In the meantime, Abby and Thomas, an undergraduate research associate, began scouring the literature to search for alternative conjugation chemistries in case this one (carboiimide chemistry) fails, despite all the modifications being tested. Thomas suggested “Click chemistry” for a new direction. Although relatively new, this crosslinking chemistry has demonstrated better conjugation efficiencies. So Abby and Thomas will open a new front on the campaign to conjugate DNA and QDots.

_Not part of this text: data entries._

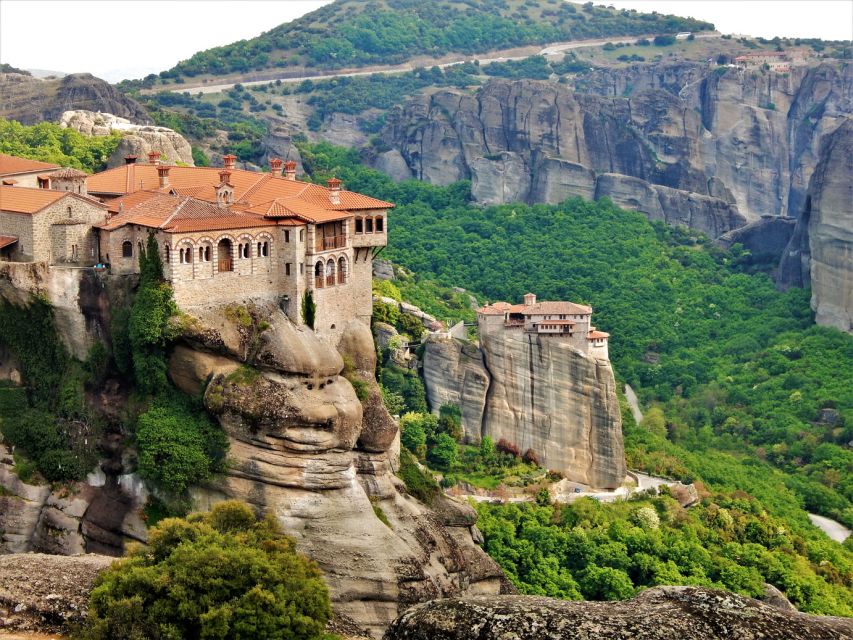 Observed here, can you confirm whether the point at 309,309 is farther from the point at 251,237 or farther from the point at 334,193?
the point at 334,193

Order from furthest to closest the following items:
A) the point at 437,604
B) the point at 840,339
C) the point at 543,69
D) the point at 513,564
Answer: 1. the point at 543,69
2. the point at 840,339
3. the point at 513,564
4. the point at 437,604

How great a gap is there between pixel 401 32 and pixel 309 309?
13436 cm

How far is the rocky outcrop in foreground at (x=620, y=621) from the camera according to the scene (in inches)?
1415

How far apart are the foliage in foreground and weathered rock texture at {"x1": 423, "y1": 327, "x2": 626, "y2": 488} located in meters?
28.7

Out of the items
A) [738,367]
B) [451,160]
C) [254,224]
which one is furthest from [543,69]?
[254,224]

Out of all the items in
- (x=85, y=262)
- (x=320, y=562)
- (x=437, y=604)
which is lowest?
(x=320, y=562)

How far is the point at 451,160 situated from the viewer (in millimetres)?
128125

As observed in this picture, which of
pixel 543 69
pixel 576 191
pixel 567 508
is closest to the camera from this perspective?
pixel 567 508

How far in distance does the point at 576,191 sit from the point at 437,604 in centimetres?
8669

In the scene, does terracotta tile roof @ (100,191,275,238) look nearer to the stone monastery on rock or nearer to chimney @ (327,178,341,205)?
the stone monastery on rock

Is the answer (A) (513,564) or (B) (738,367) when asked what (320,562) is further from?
(B) (738,367)

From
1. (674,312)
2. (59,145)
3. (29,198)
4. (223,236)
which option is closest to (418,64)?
(674,312)

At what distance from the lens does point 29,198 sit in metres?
56.2

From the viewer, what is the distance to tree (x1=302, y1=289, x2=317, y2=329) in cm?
5600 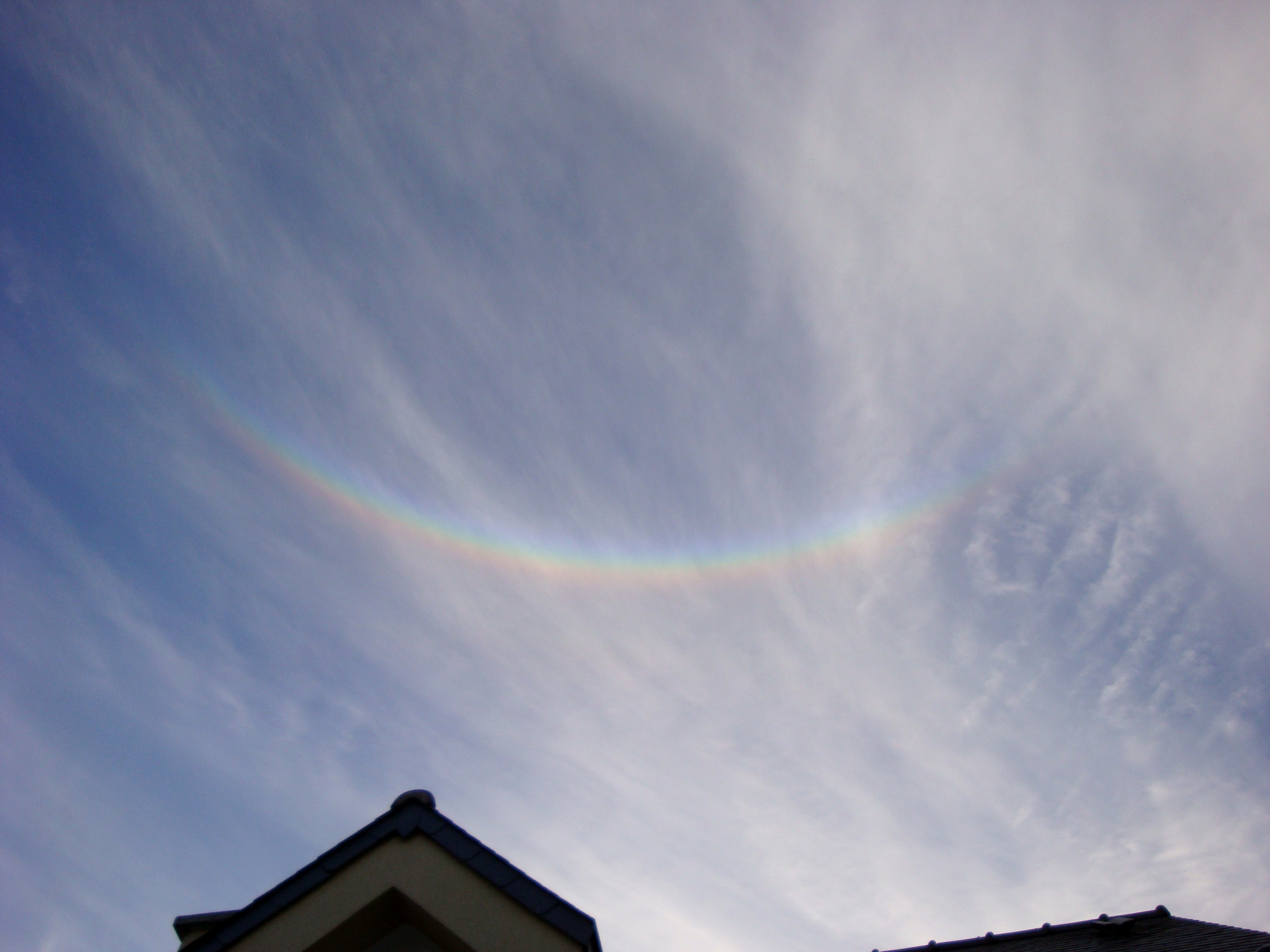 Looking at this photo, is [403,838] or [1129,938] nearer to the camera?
[403,838]

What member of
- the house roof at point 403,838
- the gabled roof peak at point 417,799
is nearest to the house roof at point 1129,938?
the house roof at point 403,838

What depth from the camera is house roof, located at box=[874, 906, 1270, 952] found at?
819cm

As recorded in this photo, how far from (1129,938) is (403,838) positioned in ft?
32.8

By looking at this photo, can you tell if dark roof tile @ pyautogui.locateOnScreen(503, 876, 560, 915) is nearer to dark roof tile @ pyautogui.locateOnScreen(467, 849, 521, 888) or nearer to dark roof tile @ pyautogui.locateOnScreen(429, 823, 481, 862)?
dark roof tile @ pyautogui.locateOnScreen(467, 849, 521, 888)

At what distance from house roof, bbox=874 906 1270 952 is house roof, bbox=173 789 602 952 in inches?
292

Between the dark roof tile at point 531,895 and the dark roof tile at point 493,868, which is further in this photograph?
the dark roof tile at point 493,868

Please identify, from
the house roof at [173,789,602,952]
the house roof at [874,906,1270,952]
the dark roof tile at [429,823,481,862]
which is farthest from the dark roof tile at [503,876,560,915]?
the house roof at [874,906,1270,952]

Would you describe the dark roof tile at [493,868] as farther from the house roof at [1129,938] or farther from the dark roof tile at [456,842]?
the house roof at [1129,938]

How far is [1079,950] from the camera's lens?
9.36m

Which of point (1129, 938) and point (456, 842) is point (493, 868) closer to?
point (456, 842)

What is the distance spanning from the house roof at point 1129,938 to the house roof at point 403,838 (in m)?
7.42

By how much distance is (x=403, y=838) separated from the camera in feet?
20.4

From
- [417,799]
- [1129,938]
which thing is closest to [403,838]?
[417,799]

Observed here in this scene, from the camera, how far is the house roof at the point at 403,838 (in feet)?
18.3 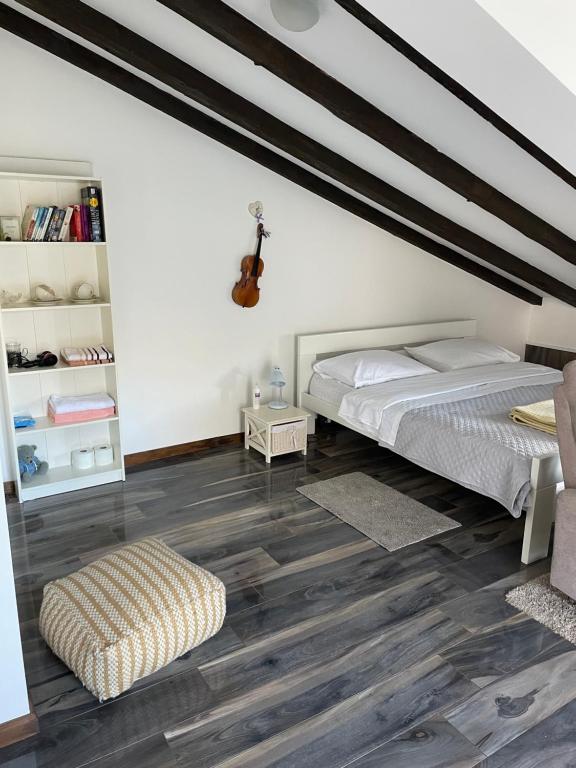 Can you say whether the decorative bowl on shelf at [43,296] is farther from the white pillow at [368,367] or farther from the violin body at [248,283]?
the white pillow at [368,367]

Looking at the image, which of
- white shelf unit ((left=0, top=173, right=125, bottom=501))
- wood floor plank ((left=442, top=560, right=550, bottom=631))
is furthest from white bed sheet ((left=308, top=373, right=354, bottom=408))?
wood floor plank ((left=442, top=560, right=550, bottom=631))

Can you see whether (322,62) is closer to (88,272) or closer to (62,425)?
(88,272)

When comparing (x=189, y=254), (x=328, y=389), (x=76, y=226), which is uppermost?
(x=76, y=226)

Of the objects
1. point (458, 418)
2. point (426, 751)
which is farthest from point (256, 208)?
point (426, 751)

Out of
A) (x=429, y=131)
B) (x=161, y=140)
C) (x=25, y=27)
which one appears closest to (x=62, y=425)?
(x=161, y=140)

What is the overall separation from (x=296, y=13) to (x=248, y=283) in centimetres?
191

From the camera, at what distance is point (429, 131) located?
2.85 m

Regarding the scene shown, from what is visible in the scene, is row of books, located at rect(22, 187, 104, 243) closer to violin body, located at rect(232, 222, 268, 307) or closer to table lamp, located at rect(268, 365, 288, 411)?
violin body, located at rect(232, 222, 268, 307)

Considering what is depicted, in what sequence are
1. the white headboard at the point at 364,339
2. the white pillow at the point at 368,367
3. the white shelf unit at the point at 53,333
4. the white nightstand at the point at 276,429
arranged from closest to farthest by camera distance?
the white shelf unit at the point at 53,333
the white nightstand at the point at 276,429
the white pillow at the point at 368,367
the white headboard at the point at 364,339

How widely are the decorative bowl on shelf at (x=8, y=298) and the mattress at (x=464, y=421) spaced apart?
2012mm

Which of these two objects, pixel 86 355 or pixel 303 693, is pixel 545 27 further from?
pixel 86 355

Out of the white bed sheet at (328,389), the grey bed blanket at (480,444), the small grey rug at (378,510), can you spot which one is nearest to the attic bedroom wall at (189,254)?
the white bed sheet at (328,389)

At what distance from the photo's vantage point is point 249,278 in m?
3.97

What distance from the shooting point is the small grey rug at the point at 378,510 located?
3062mm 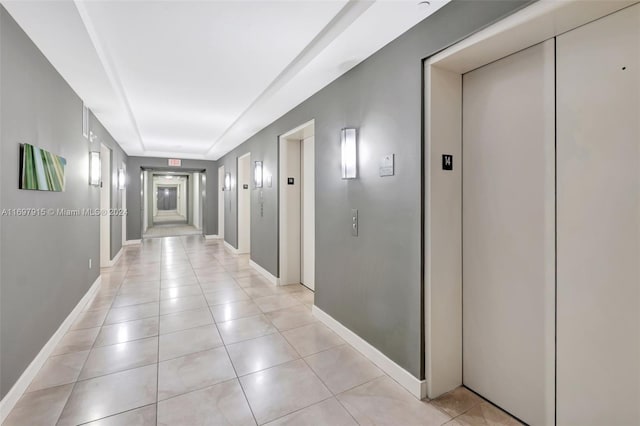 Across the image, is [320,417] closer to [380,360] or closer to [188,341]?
[380,360]

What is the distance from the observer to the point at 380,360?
99.7 inches

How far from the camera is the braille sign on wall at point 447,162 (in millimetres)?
2166

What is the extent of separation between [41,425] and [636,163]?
146 inches

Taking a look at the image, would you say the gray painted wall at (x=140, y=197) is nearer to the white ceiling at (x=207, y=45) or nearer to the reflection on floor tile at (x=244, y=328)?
the white ceiling at (x=207, y=45)

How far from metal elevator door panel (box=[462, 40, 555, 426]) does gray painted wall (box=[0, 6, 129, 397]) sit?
10.8 feet

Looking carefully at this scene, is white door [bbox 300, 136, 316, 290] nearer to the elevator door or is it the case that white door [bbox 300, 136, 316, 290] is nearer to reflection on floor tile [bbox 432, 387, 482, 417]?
reflection on floor tile [bbox 432, 387, 482, 417]

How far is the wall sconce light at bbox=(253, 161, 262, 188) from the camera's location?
5.65 m

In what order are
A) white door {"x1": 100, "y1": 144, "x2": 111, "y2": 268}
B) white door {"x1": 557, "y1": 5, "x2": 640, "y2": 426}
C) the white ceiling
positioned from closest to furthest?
white door {"x1": 557, "y1": 5, "x2": 640, "y2": 426} → the white ceiling → white door {"x1": 100, "y1": 144, "x2": 111, "y2": 268}

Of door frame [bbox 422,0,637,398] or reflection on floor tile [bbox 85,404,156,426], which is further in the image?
door frame [bbox 422,0,637,398]

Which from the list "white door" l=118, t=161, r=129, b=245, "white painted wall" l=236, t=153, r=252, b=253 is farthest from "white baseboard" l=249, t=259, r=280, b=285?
"white door" l=118, t=161, r=129, b=245

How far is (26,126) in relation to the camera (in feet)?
7.68

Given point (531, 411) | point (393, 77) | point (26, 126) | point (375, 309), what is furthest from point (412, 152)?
point (26, 126)

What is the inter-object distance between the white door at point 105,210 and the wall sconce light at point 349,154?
17.7 feet

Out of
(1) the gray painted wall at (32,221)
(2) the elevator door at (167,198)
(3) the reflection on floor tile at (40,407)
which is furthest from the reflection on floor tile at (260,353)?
(2) the elevator door at (167,198) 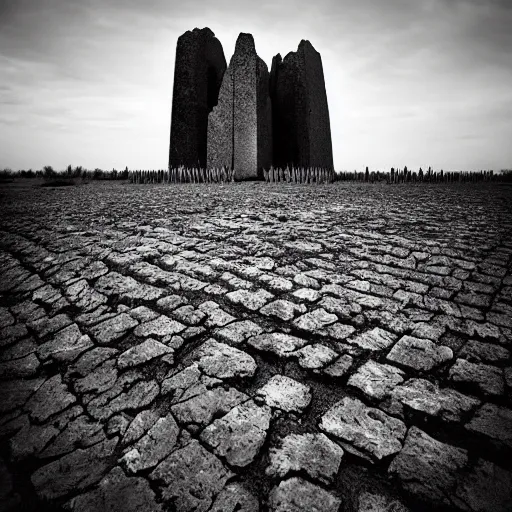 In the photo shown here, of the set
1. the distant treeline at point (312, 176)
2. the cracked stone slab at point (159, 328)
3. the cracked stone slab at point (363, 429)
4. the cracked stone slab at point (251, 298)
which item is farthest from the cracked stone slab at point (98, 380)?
the distant treeline at point (312, 176)

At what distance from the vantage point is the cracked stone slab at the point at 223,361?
1.40 metres

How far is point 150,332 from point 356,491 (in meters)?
1.23

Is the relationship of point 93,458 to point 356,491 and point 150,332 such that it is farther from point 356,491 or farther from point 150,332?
point 356,491

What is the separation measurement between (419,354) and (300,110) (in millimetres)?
11560

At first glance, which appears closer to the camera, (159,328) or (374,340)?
(374,340)

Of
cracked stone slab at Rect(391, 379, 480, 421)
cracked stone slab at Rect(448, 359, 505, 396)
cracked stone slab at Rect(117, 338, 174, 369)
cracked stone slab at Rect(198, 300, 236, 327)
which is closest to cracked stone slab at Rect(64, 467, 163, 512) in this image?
cracked stone slab at Rect(117, 338, 174, 369)

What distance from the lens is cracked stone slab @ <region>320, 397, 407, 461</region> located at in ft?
3.50

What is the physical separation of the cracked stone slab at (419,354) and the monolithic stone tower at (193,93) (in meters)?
12.0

Then, in the middle of the call, Jessica sent out some slides showing schematics of “DNA cages” she’s using on another project to surround dye-bearing micelles. Just earlier, while warming her lunch, she had had a hunch that perhaps these structures could also provide an alternative route to achieving the stochastic (randomly varying) photon supply required for STORM. The cages slowly detach from the cell surface through complementary DNA interactions, gradually releasing dye molecules. Jessica will send a batch to Peter so he can test them with the holographic STORM technique, using them to label a cell surface protein. It will be somewhat like using the “blueing” technique Peter tested several years ago, but in reverse – the number of fluorophores would slowly increase over time rather than decrease, but still allow discrete sets of localizations.
In other news, the evening following this July 3rd phone meeting I viewed the July 1 Last Week Tonight with John Oliver segment on the topic of genetic engineering, in which he uses scenes from several films, including Larry Klein’s recent NOVA, to provide a cautionary tale about responsible use of biotechnology. (Larry is our QSTORM filmmaker, and I’d recently reported in this blog the broadcast of this documentary, Can We Make Life.) See the new post for Oliver's take on the subject.
We’ve scheduled our next phone meeting for August 3 at 11 am. Peter suggests a Skype or Google Hang-outs video call.